When an apparent gas explosion leveled a Florida jail and killed two inmates, officials had to rescue prisoners trapped in the rubble, evacuate the building and treat the injured in the parking lot and hospitals. Then, they had to find new secure facilities for 600 inmates.
By Thursday afternoon, authorities appeared to have pulled off the logistical feat, shuttling nearly all of them to several jails. Two inmates and a corrections officer were still in hospitals after 180 or so prisoners and guards were treated and released. One inmate reportedly went into labor and had a baby in the chaos.
With the inmates locked up again, attention quickly turned to exactly what caused the blast. Inmates told news outlets they smelled gas before the explosion, but officials said it they had no record of those reports.
Investigators said it could take days to figure out exactly what happened. They were having a hard time getting to the epicenter of the blast in the back of the building because of so much damage.
Joseph Steadman, the head of the state fire and arson bureau, described it as a "collapse of concrete floors between the basement and upper floors."
The basement was flooded with about 2 feet of rain after the record-setting rainfall this week in Pensacola, but Steadman said it was still too early to say if the weather had anything to do with it.

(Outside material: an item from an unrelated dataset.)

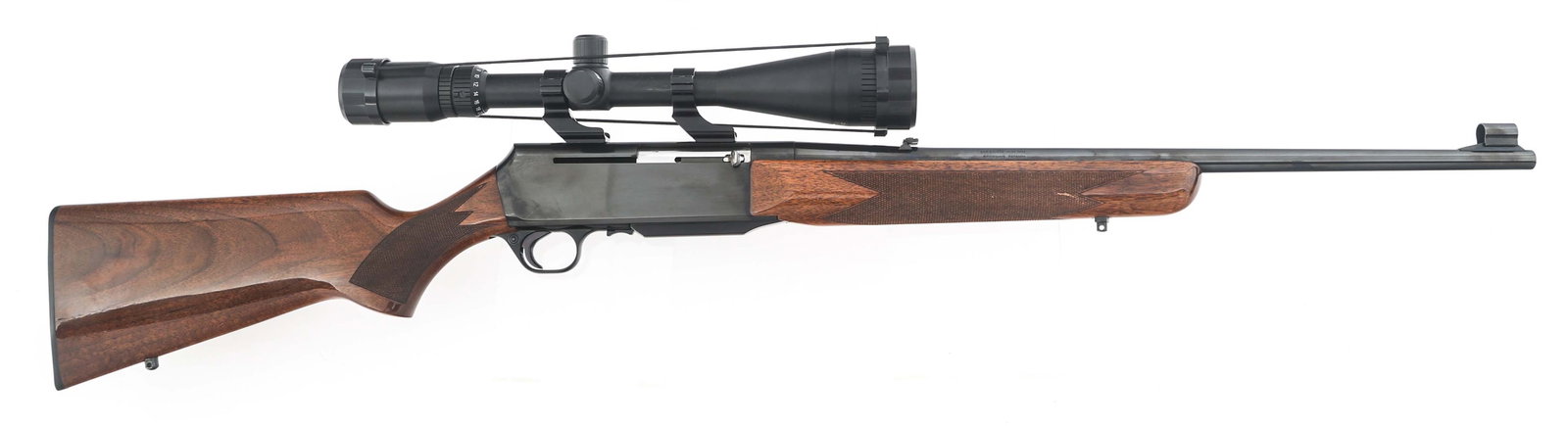 BROWNING MODEL BAR 30-06 CALIBER SEMI AUTO RIFLE: BROWNING MODEL BAR 30-06 CALIBER SEMI AUTO RIFLE 1976 Browning Model BAR .30-06 caliber semi automatic rifle. Blued finish. Hooded front sight. Adjustable rear sight. Checkered wood stock. One magazin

The basement houses the kitchen and laundry. No inmates were locked up there, officials said.
Authorities briefly lost track of three inmates in the confusion, but later were confident that none had escaped.
"Every inmate is accounted for," said Lumon May, chairman of the Escambia County board of commissioners. "Most important to us was the lives and safety of our inmates."
Officials have requested 100 beds from the state to help alleviate some of the stress on the jail system.
Inmate Monique Barnes told The Associated Press by telephone that she was knocked off her fourth-floor bunk.
"The explosion shook us so hard it was like we were in an earthquake," Barnes said. "It was like a movie, a horrible, horrible movie."
Pieces of glass, brick and inmates' flip-flops were strewn about on the ground outside the jail. The front of the building appeared bowed, with cracks throughout.
Barnes, who spoke to AP after she was taken to another jail, said she and other inmates complained of smelling gas ahead of the blast, and some reported headaches.
More than 15 inches of rain fell on Pensacola on Tuesday, the rainiest single day since forecasters started keeping records in 1880. Neighborhoods were flooded and hundreds of people had to be rescued from homes and cars.
The jail was running on generator power after the flooding. Barnes, the inmate, said the toilets weren't working, so inmates had to use plastic trash bags.
About 200 men and 400 women were in the building. Barnes said during the evacuation, hundreds of inmates and corrections officers had to use one stairwell, "everyone pushing and bleeding."
After the blast, a group of relatives and attorneys for the inmates stood behind police tape that cordoned off the area, trying to figure out where loved ones had been taken. Many family members were upset because they said they were left in the dark.
Defense attorney Gene Mitchell was reviewing dozens of text messages from clients' relatives.
"I have over 20 clients in there," he said. "I've had dozens of calls. Every other call is a family member wanting to know what has happened to a loved one."
He said he wasn't able to get much information about the inmates.
County spokeswoman Kathleen Castro said officials were having trouble notifying families because for hours it wasn't safe to enter the jail to access computers and paper records. Later, officials promised better updates for families on the county's website.
The names of the inmates killed weren't immediately released.
The county took control of the jail and its 400 employees on Oct. 1 after a five-year federal investigation. According to the Pensacola News Journal, problems included too few guards overseeing the inmates, which led to violence, poor mental health care and a decades-long practice of segregating inmates by race.